Normal şartlarda, bu yıl sonu cari işlemler açığının 34 milyar doları aşması hiç de şaşırtıcı olmayacaktır. 2007 yılında ise yüzde 5 civarında ekonomik büyüme öngörüldüğüne göre, cari işlemler açığının 40 milyar doları aşması beklenmelidir. 2007 yılı programı ödemeler dengesi istatistiklerinde kullanılan mal dengesini çok düşük tahmin etmekte ya da öngörmektedir.

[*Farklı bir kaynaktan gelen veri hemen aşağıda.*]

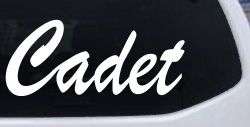 Cadet Car or Truck Window Decal Sticker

Cari işlemler dengesi içinde, mal dengesi dışındaki dengenin ise 2007 yılında 10.4 milyar dolar fazla vereceği öngörülmektedir. Bu tahmin, turizm sektörü canlanırsa, ulaşılabilecek bir büyüklüktür.
SÜRDÜRÜLEBİLİRLİK
Son yıllarda gözlenen eğilimler ışığında, gelecek yıl cari işlemler açığının bu yıl düzeyinde kalabilmesi için ekonomik büyümenin olmaması hatta, reel olarak ekonomik küçülmenin gerektiği ortaya çıkmaktadır. Dolayısıyla, ekonomik büyümenin yüzde 5’ler civarında olacağı hedeflenen bir programda, cari işlemler açığının aynı kalacağını programlamak hiç de gerçekçi görünmemektedir.
Ekonomik büyüme oldukça, Türkiye daha yüksek ve yükselen cari işlemler açığı ile yaşamak zorundadır. O halde, ekonomik strateji, yüksek ve giderek yükselen cari işlemler açığının kesintisiz bir biçimde finansmanına olanak sağlayacak şekilde oluşturulmalıdır. Kısa dönemde (1-2 yıl) böyle bir strateji oluşturmak olanaksız değildir, ama orta-uzun dönemde (5-10 yıl) Türkiye ekonomisinin bu düzeylerde büyümesi sürdürülebilir görünmemektedir.
Kısa dönemde bu boyutlardaki bir cari açığın sürdürülebilmesi uluslararası mali sermayenin yeterli boyutlarda Türkiye’ye çekilebilmesiyle mümkündür. Finansman kalitesi ne derece yükselirse yükselsin (yani, açığın ne kadarını doğrudan yabancı sermaye girişi ile finanse edersek edelim), yabancı sermayenin Türkiye’ye bakış açısını hep olumlu tutmak zorundayız. Bunun anlamı, IMF ve Avrupa Birliği (AB) ile ilişkilerin yabancı yatırımcıları kaygılandırmayacak düzeyde tutulmasıdır, yanlış yapılmamasıdır.
ESNEKLİKLER AZALIYOR
IMF ile ilişkilerin olumlu düzeyde tutulması enflasyonu azdırabilecek politikalardan kaçınıp, aksine enflasyonu kalıcı olarak yüzde 5’lerin altına çekecek uygulamalarla olabilecektir. Dolayısıyla, alıştığımız "seçim ekonomisi" uygulamalarının 2007 de görülmesi olasılığı giderek azalmaktadır. Bu, hiç "seçim ekonomisi" uygulanmayacak anlamına alınmamalıdır.
AB ile ilişkilerde ne olursa yabancı yatırımcıları kaygılandıracağını önceden kestirmek zordur. Ama, müzakerelerin tamamen kesilmesi elbette yabancıları ürkütecektir. O halde, AB ile ilişkilerde bir orta yol bulunmak zorundadır. Zaten, şu sıralarda da yabancı yatırımcıları kaygılandırmayacak bir orta yol aranmaktadır.
Yüksek cari işlemler açığı ile yaşamaya alışmak durumundayız. Alışırken, hem IMF hem de AB ile olan ilişkilerimizde, bazı esnekliklerin azalmasını da normal karşılamalıyız.